Les poèmes de Niquou

Jeanine Messerli, résistante déportée à Ravensbrück, a été l’une des voix, l’un des témoins incontournables du Musée. En juillet 2015, elle confie au Musée une partie de ses souvenirs à travers un don exceptionnel.

Une jeune Toulousaine en résistance

Jeanine Morisse, épouse Messerli, est née le 19 mai 1921 à Auch (Gers). Étudiante aux Beaux-arts à Toulouse, « Niquou » (son surnom) entre en résistance et devient agent de liaison pour le réseau « Prunus » en 1943. Elle transporte des armes, des postes émetteur-récepteur, des messages entre le chef du réseau et l’opérateur radio. Dénoncée, elle est arrêtée le 13 avril 1943 à Toulouse par la Gestapo. Elle est internée à la prison militaire de Furgole puis transférée à la prison de Fresnes à Paris en mai 1943.

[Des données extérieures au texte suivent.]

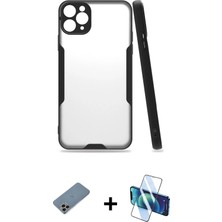 Cepte Toptan iPhone 11 Pro Atlas Asil Serisi - Siyah 3D Antistatik Seramik Nano Ekran Koruyucu + Gökkuşağı Shine Kamera Lens Koruma Cam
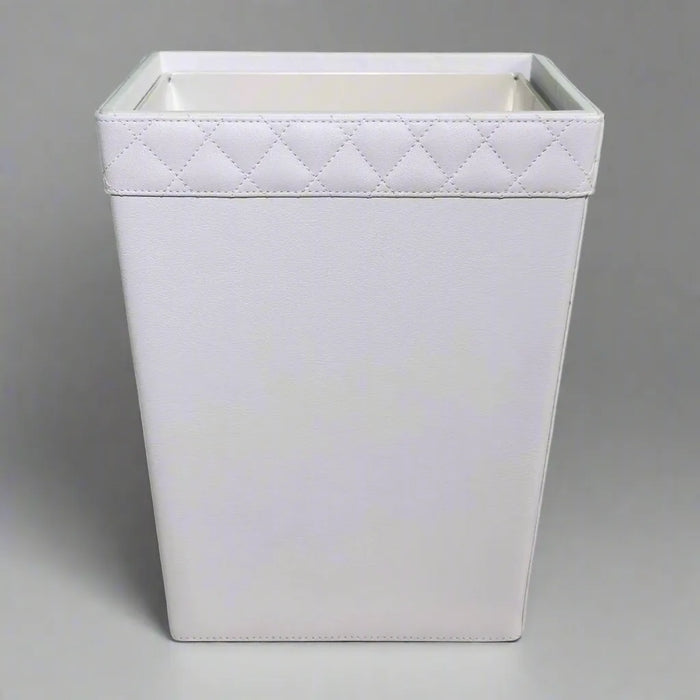 Modern White Leatherette Office Set – Tufted with Steel Inserts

Jeanine Messerli est déportée au camp de Ravensbrück par le convoi du 31 janvier 1944. Elle est libérée le 25 avril 1945 et rentre en France dans un état d’extrême faiblesse. Elle pèse alors 26 kilos.

Créer pour survivre

Durant son internement à Fresnes et pendant sa déportation, Jeanine Messerli ne cesse d’écrire et de composer de petits textes (prières, chants ou poèmes). Elle perpétue ainsi une habitude d’avant-guerre : à Toulouse, elle joue et chante dans un théâtre rue du Taur. En prison, n’ayant rien pour noter, elle crée de tête et se répète encore et encore ses poèmes. Niquou les met par écrit seulement après son retour d’Allemagne. À Ravensbrück, Jeanine continue de composer et d’écrire clandestinement. Elle réussit à voler du plastique pour se faire une petite pochette où elle cache ses poèmes et ses notes.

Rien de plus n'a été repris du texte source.